What is the optimal approach for applying over the rows of an sf object?
Using the base apply does not seem to work out, since it does not like the geometry column.
Another option is to lapply or purrr::map over the output of st_geometry only, but of course this has limitations. One more convenient option is maybe to purrr::map over the output of split, however I think this might be slow for large objects, probably a lot of memory duplication.
See these SO questions for examples and use-cases:
https://stackoverflow.com/questions/43694187/row-wise-operations-on-sf-objects
https://stackoverflow.com/questions/48505551/use-apply-with-a-simple-features-sf-function
Maybe a specific method would be nice?
Have you seen this? https://www.rstudio.com/resources/webinars/thinking-inside-the-box-you-can-do-that-inside-a-data-frame/ (I haven't watched it yet - I don't see this issue isolated sf, and I don't think R has a best-solution yet either, though maybe that vid has more)
For both examples, it looks to me as if the authors want to work on the geometry column only, which is quite trivial, but you want to loop over the rows of an sf object, i.e. also involve non-geometry attributes associated with each geometry in each function call? What is the use case?
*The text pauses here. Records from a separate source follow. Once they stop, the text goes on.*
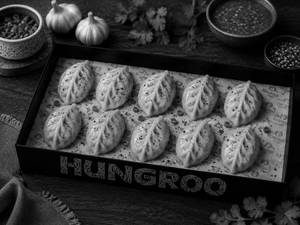 Paneer Steamed Momos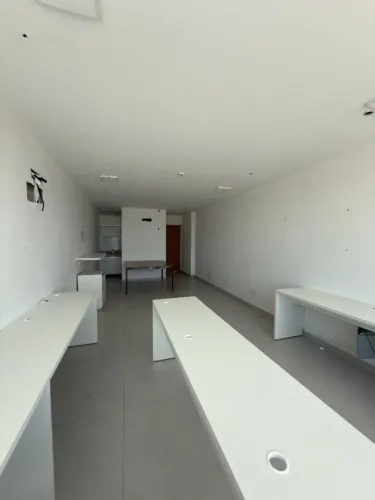 Sala comercial no Trade Center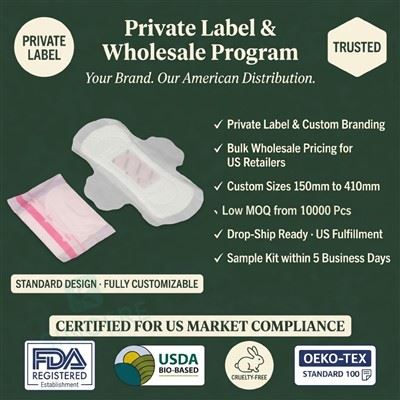 Sanitary Napkins In Pakistan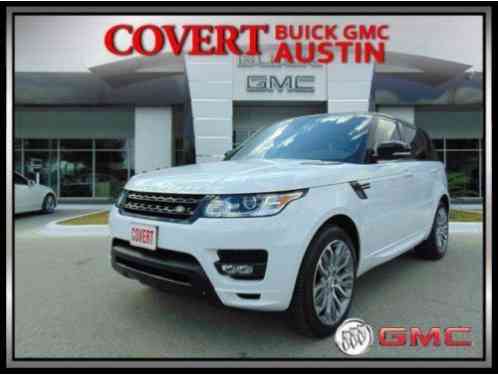 Land Rover Range Rover Sport (2014)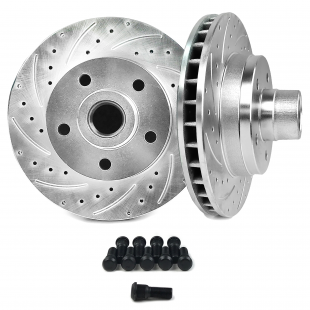 60-72 Chevy C10 Disc Brake 5x5 Rotors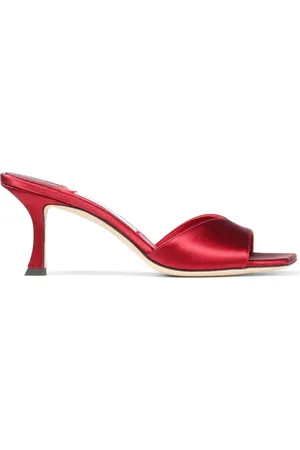 Jimmy Choo Mules Skye con tacón de 70 mm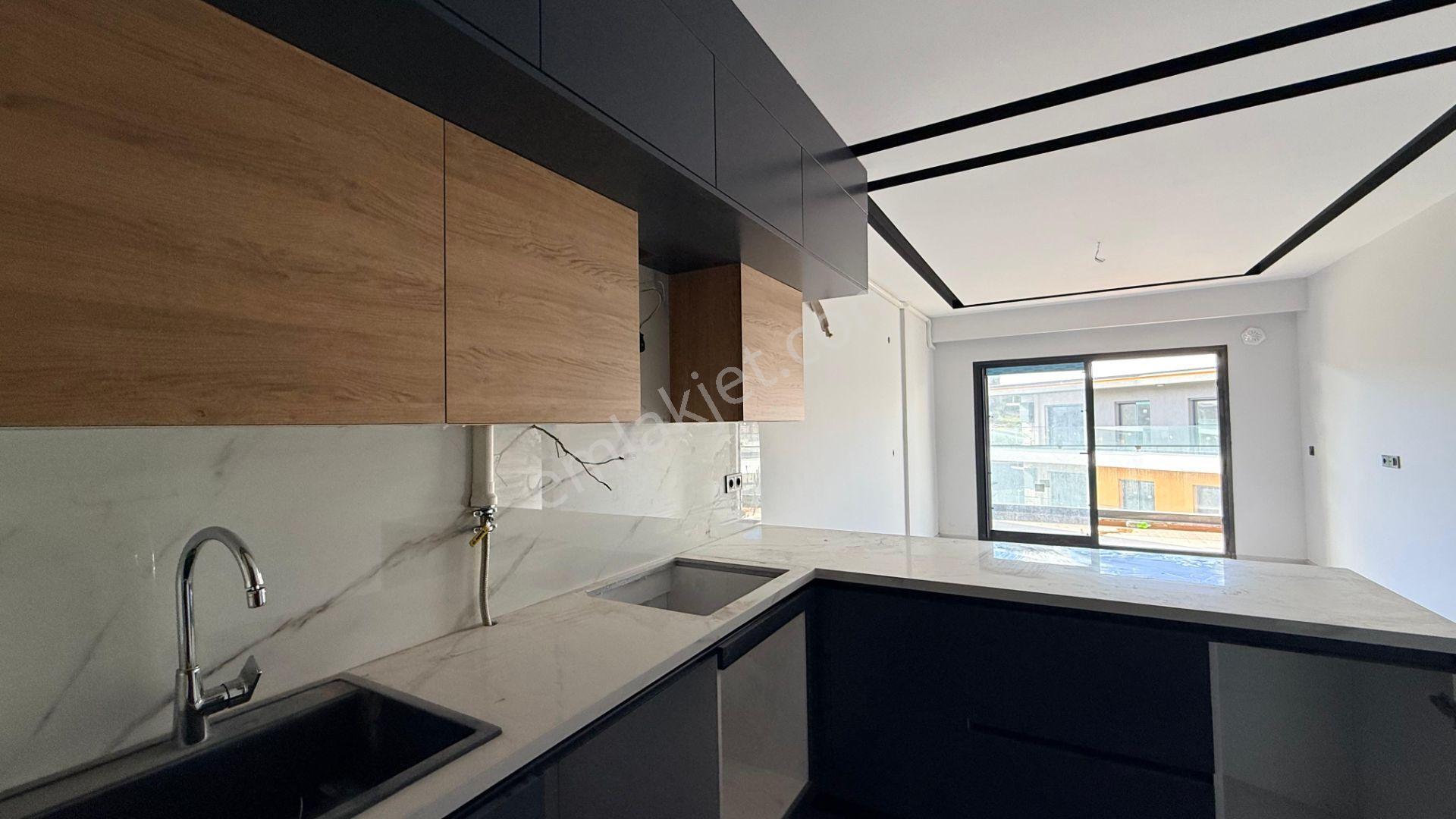 Güvenlık-havuz-bahçe-kapalı Otopark-doğalgaz(kombi)-sosyal Alan-modern-ultra Lüx-fırsat Daireler - Görsel 26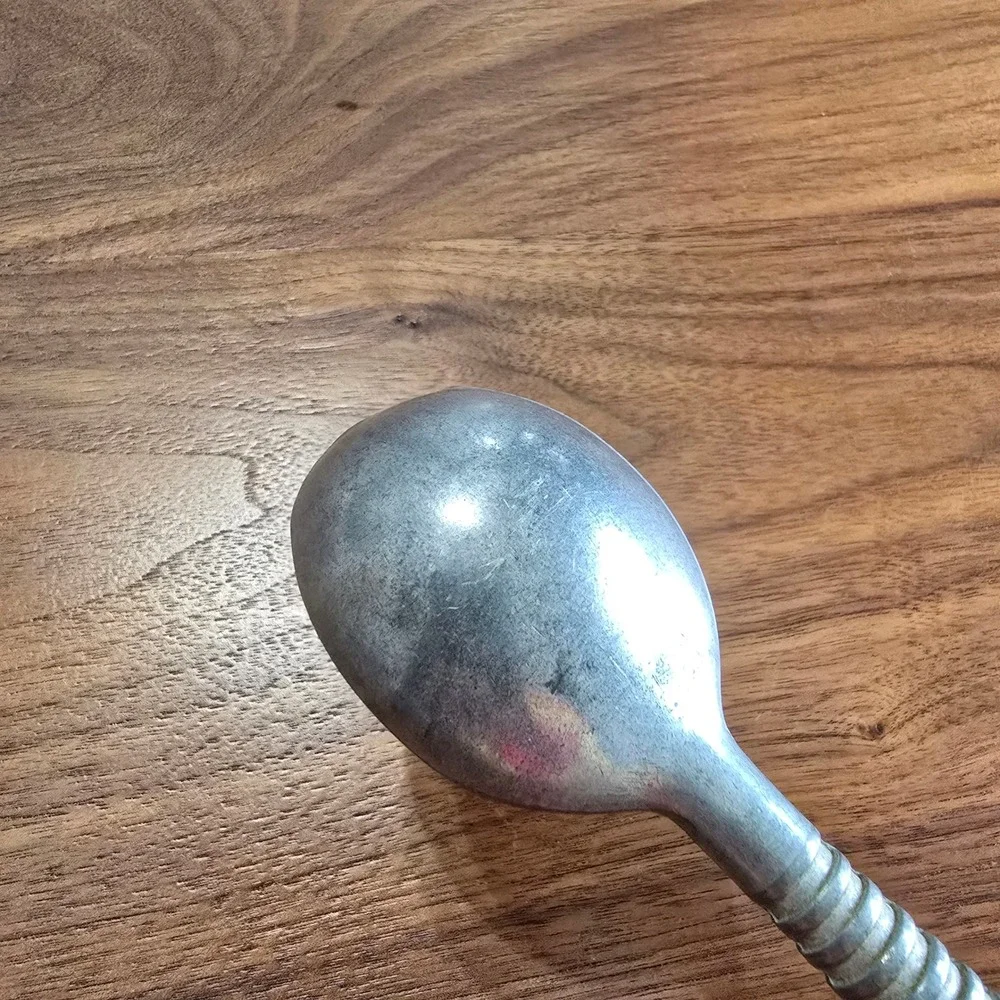 N/A vintage aluminum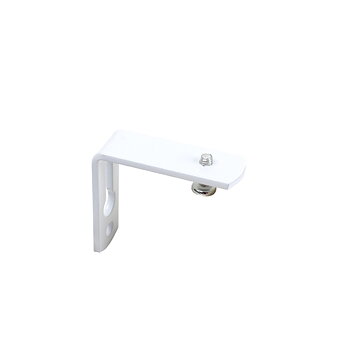 Hållare Vit 5cm 2-pack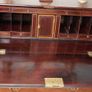 Irish Georgian Slant-Front Bureau Image 6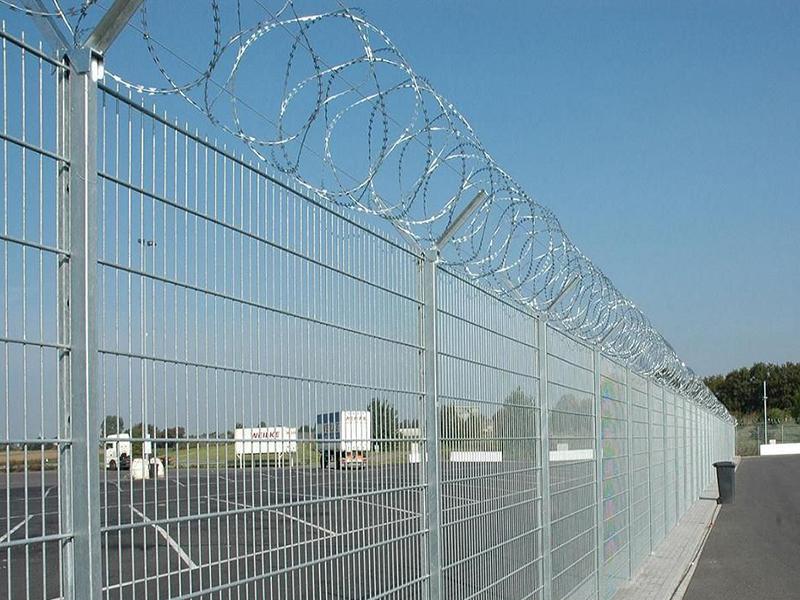 機(jī)場護欄網 機(jī)場護欄網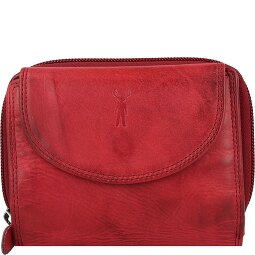 Jack Kinsky Nelson Geldbörse RFID Leder 12,5 cm  Variante 5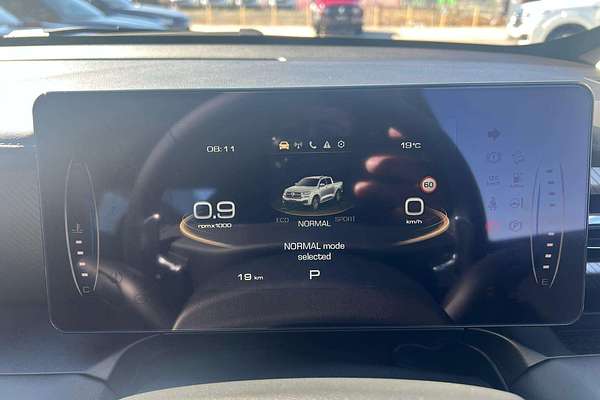 2025 GWM Ute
@edzer Yes. Example use case which happened to me recently:
read in a dataset with stars, and perform statistic on N different regions (defined in an sf object: 1 row = 1 region) by subsetting the stars object, while keeping information on the region. Some code will explain it better: (something like this, but of course using a much more efficient apply loop, this is just for clarity)
s = read_stars(fn_s)
sf = st_read(fn_sf)
d = NULL
for (i in 1:nrow(sf)) {
sfi = sf[i,]
result = data.frame(
statistic=somefunction(s[sfi], sfi$flag),
region=sfi$region,
area=sfi$area,
smth=sfi$smth
)
d = rbind(d, result)
}
Yes, this can be done using lapply, or map, or something similar, but if just feels like a workaround.
I think apply is the wrong thing. It's for arrays, and only works for data frames by coercing them to a matrix. The row-wise ops are not workarounds, it's essentially inefficient to be row-wise on something col-wise.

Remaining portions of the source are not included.